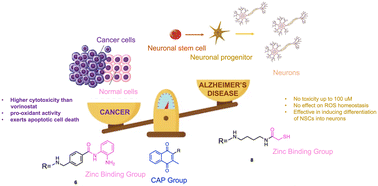Graphical abstract: Integrating a quinone substructure into histone deacetylase inhibitors to cope with Alzheimer's disease and cancer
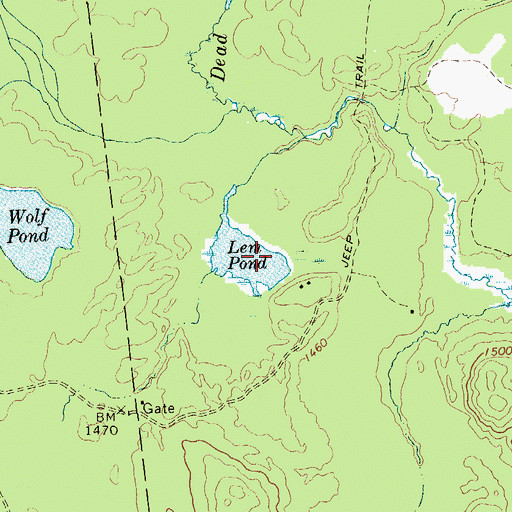 Topographic Map of Lem Pond, NY
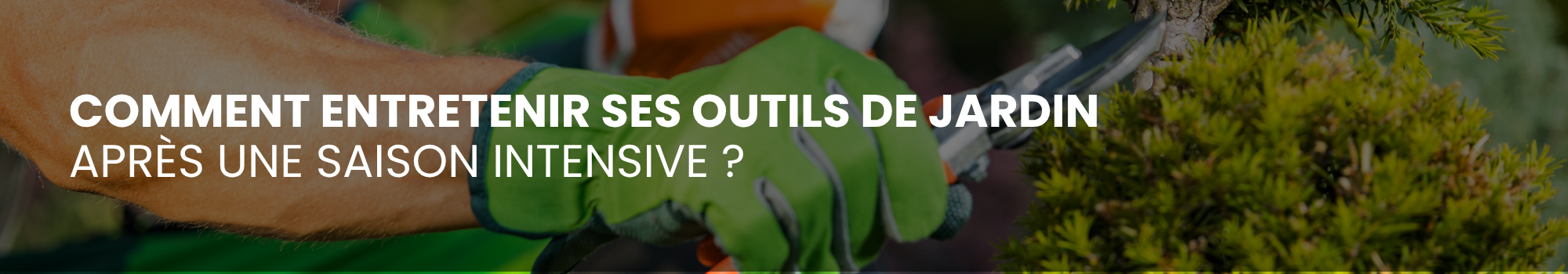 Comment entretenir ses outils de jardin après une saison intensive ?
......
Set the material down exactly, images excluded.

Graphical abstract: Integrating a quinone substructure into histone deacetylase inhibitors to cope with Alzheimer's disease and cancer
 Topographic Map of Lem Pond, NY
 Comment entretenir ses outils de jardin après une saison intensive ?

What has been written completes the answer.